Consider. The conceit of LotR is that it’s a translation of a book written partly by Bilbo, mostly by Frodo, and a little by Sam, with a preface by Merry and various emendation by Gondorian scholars. Tom Bombadil appears only in the part of the book that Frodo wrote, and Frodo, wise though his manservant thought him to be, was not a linguist; nor did he have access to modern recording technology. Thus when he heard Bombadil speaking in that ancient language – one that perhaps had no connection even to Sindarin – it was Greek to him. He knew it WAS a language, but he couldn’t do more than attempt the broadest replication of a few syllables that he had heard. Now of course the actual songs throughout the book were all added after the fact by the Gondorian scholars, but as they never even met Bombadil, all they could do was put in a few of the same bits of silliness. And when Tolkien translated it, he just put down more nonsense.
In short: Tom was speaking a language, but absent a time machine we’ll never know what it was, and not even the Greater Perfesser can help.
(Quick, someone call the Doctor!)
More like Tom was so flighty that he would forget the ring was anything more than a bauble (and it was in fact a bauble to him), and he would lose it in short order.
Well, in that the council is a bunch of hopeful guys who don’t know Tom very well, plus one naysayer who also doesn’t seem to know Tom very well. (Oh, sure, he’d really like to have a good long conversation with the guy, and near the end of the book is looking forward to finally doing it – but as of council-time, no dice.)
[QUOTE=Inigo Monotoya]
Do I recall correctly it boiled down to: “He doesn’t recognize the ideas of good/evil”? So conceivable Sauron could just knock on his door and say, “Hey, I hear you have a ring that has this fire-letter inscription? Yeah, that’s mine. Can I have it?” and then the story gets a lot shorter?
[/QUOTE]
The astonishing part is, if you stick to Tom’s actual appearances, he simply comes across as an entirely practical guy who asks perfectly relevant questions and equips our heroes with stuff they’ll need easy as telling 'em how to summon him for further assistance – and they of course do wind up needing him, and he of course comes through for the rescue.

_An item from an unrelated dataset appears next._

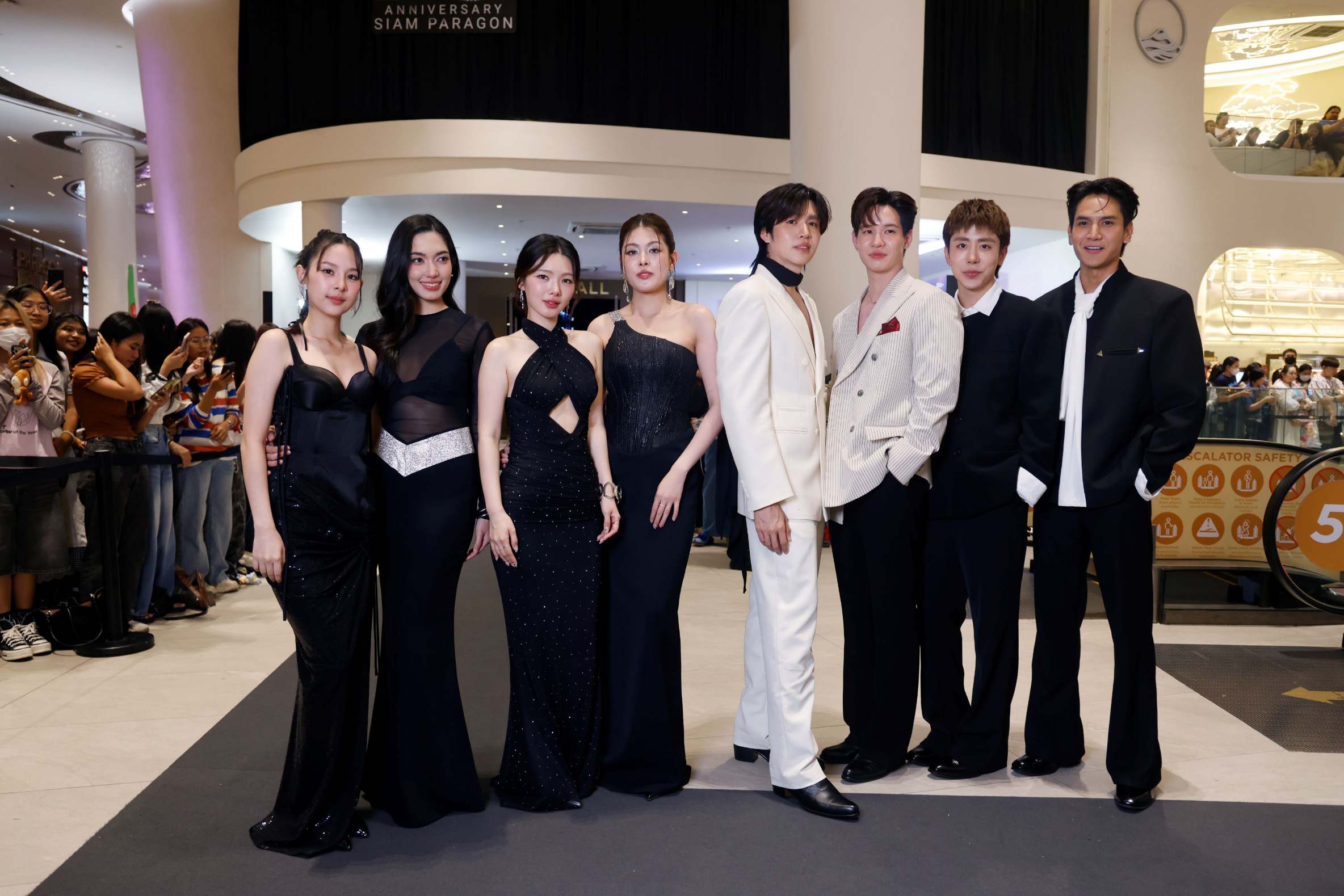 Praew Awards 2026 44 Praew Awards 2026 งานประกาศรางวัล ในวาระครบรอบ 47 ปี นิตยสารแพรว มอบให้แก่บุคคลที่โดดเด่นในแต่ละสาขา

He doesn’t fail to recognize much of anything; instead, after telling 'em all about the Barrow-wights before supper, Tom turns the after-dinner conversation to his guests: “He appeared to know much about them and all their families, and indeed to know much of all the history and doings of the Shire down from days hardly remembered among the hobbits themselves.”
(And, after the rescue and the equipping, he gives 'em the pedigree of those gleaming weapons: “these blades were forged many years ago by Men of Westernesse: they were foes of the Dark Lord, but they were overcome by the evil king of Carn Dûm in the Land of Angmar.” He then goes on to say rather a lot of sensible things about the Black Riders; it’s as if the dude knows every player in the game, y’know?)
Ayn Rand crossover fanfiction ? No thanks.
Apart from LOTR, I do recall some poems of Tolkein’s where Tom Bombadil features. One where he gets briefly “caught” by the “badger-folk.”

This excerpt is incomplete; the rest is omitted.